What you will do:
Beneath this line is the data. Output exactly the lines from the line with "Bonzy Home 360°" to the line with "THE TWIDDLERS 13", both ends included, and nothing more.

Exercise data:
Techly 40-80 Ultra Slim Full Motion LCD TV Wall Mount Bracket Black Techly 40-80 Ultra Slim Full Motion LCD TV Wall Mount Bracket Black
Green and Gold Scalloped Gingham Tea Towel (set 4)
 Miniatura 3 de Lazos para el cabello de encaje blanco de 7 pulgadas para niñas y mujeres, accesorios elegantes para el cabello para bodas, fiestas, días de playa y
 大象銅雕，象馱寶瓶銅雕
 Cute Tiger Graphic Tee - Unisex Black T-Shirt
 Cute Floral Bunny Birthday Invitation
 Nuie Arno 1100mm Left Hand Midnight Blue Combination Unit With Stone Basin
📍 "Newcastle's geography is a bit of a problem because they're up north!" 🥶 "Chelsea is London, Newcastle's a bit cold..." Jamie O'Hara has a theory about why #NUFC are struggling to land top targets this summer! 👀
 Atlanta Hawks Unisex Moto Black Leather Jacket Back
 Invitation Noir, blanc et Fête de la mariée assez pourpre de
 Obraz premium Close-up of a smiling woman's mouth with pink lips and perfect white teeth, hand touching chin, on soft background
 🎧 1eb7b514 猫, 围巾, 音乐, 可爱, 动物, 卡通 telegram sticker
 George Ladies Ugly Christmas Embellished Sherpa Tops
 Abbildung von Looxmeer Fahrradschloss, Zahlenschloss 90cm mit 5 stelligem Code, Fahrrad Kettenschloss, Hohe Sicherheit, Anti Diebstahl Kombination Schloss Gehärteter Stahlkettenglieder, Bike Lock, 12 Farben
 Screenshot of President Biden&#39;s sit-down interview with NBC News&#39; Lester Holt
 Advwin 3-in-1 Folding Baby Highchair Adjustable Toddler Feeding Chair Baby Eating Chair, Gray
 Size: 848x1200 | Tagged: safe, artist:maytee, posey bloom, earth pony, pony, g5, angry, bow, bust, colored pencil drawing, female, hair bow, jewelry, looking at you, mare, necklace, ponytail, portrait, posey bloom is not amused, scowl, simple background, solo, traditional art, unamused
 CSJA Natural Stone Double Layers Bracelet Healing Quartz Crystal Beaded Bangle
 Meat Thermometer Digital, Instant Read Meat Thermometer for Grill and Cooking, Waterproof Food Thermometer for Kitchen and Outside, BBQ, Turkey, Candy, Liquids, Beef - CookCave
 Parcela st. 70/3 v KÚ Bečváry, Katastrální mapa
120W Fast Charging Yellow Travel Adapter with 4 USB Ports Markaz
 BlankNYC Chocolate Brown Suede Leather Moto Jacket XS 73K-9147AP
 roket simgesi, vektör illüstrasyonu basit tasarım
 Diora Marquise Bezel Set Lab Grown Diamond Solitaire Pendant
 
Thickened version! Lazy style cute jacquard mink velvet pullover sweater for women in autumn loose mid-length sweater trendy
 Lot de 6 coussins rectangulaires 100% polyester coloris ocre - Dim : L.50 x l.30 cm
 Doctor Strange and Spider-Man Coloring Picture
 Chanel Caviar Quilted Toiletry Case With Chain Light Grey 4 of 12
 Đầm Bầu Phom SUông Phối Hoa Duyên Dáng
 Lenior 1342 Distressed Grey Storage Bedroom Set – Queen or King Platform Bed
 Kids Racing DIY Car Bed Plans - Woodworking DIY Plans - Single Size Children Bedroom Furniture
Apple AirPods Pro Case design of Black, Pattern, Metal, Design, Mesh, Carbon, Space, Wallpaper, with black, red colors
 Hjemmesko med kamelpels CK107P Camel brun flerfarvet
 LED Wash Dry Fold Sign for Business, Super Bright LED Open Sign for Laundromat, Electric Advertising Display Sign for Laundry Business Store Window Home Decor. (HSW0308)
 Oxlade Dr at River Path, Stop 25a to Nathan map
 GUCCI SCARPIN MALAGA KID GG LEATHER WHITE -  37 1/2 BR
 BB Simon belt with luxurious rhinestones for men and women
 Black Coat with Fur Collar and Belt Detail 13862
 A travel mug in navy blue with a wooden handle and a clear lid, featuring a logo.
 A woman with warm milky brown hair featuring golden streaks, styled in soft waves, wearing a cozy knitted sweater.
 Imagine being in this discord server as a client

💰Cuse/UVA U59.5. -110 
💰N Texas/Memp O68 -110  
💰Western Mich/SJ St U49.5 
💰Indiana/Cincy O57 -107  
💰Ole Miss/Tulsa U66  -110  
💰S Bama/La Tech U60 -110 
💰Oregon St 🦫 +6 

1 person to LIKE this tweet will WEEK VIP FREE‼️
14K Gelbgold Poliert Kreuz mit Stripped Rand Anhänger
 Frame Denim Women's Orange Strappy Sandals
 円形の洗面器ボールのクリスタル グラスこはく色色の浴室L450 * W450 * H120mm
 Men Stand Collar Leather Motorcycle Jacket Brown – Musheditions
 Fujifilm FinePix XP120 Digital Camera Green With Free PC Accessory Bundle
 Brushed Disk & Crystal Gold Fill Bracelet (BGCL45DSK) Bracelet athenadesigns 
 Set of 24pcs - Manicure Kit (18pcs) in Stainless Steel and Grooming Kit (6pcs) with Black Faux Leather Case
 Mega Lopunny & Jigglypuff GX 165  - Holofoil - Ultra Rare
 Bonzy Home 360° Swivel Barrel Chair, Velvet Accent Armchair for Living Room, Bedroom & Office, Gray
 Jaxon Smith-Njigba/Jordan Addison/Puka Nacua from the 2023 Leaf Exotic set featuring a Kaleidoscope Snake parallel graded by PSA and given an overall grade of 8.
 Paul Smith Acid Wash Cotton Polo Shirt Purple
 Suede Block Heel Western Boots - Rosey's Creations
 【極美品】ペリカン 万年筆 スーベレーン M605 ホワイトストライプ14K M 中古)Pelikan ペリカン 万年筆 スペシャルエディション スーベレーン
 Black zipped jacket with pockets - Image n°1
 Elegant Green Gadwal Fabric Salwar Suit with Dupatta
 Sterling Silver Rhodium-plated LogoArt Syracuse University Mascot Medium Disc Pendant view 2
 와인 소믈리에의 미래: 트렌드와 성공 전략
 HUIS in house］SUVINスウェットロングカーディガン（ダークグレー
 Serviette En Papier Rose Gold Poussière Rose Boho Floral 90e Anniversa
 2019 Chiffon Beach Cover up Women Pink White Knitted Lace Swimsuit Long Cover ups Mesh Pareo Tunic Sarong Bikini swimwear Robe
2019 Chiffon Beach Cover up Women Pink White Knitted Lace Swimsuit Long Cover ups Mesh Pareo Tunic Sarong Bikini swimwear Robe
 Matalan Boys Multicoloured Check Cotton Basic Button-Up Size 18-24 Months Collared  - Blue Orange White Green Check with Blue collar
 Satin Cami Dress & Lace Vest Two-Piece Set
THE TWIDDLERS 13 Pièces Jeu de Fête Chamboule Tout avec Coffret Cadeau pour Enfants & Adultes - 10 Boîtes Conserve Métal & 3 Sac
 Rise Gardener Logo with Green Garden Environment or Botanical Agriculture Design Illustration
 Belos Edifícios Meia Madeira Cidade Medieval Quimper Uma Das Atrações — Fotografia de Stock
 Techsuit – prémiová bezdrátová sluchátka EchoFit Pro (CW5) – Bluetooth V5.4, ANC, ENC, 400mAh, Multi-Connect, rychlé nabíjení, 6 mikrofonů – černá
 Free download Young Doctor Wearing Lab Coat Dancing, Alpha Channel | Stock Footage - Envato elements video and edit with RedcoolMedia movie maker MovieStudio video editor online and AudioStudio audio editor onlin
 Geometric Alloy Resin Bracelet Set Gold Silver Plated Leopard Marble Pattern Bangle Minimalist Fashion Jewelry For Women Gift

Answer for the task:
 Bonzy Home 360° Swivel Barrel Chair, Velvet Accent Armchair for Living Room, Bedroom & Office, Gray
 Jaxon Smith-Njigba/Jordan Addison/Puka Nacua from the 2023 Leaf Exotic set featuring a Kaleidoscope Snake parallel graded by PSA and given an overall grade of 8.
 Paul Smith Acid Wash Cotton Polo Shirt Purple
 Suede Block Heel Western Boots - Rosey's Creations
 【極美品】ペリカン 万年筆 スーベレーン M605 ホワイトストライプ14K M 中古)Pelikan ペリカン 万年筆 スペシャルエディション スーベレーン
 Black zipped jacket with pockets - Image n°1
 Elegant Green Gadwal Fabric Salwar Suit with Dupatta
 Sterling Silver Rhodium-plated LogoArt Syracuse University Mascot Medium Disc Pendant view 2
 와인 소믈리에의 미래: 트렌드와 성공 전략
 HUIS in house］SUVINスウェットロングカーディガン（ダークグレー
 Serviette En Papier Rose Gold Poussière Rose Boho Floral 90e Anniversa
 2019 Chiffon Beach Cover up Women Pink White Knitted Lace Swimsuit Long Cover ups Mesh Pareo Tunic Sarong Bikini swimwear Robe
2019 Chiffon Beach Cover up Women Pink White Knitted Lace Swimsuit Long Cover ups Mesh Pareo Tunic Sarong Bikini swimwear Robe
 Matalan Boys Multicoloured Check Cotton Basic Button-Up Size 18-24 Months Collared  - Blue Orange White Green Check with Blue collar
 Satin Cami Dress & Lace Vest Two-Piece Set
THE TWIDDLERS 13 Pièces Jeu de Fête Chamboule Tout avec Coffret Cadeau pour Enfants & Adultes - 10 Boîtes Conserve Métal & 3 Sac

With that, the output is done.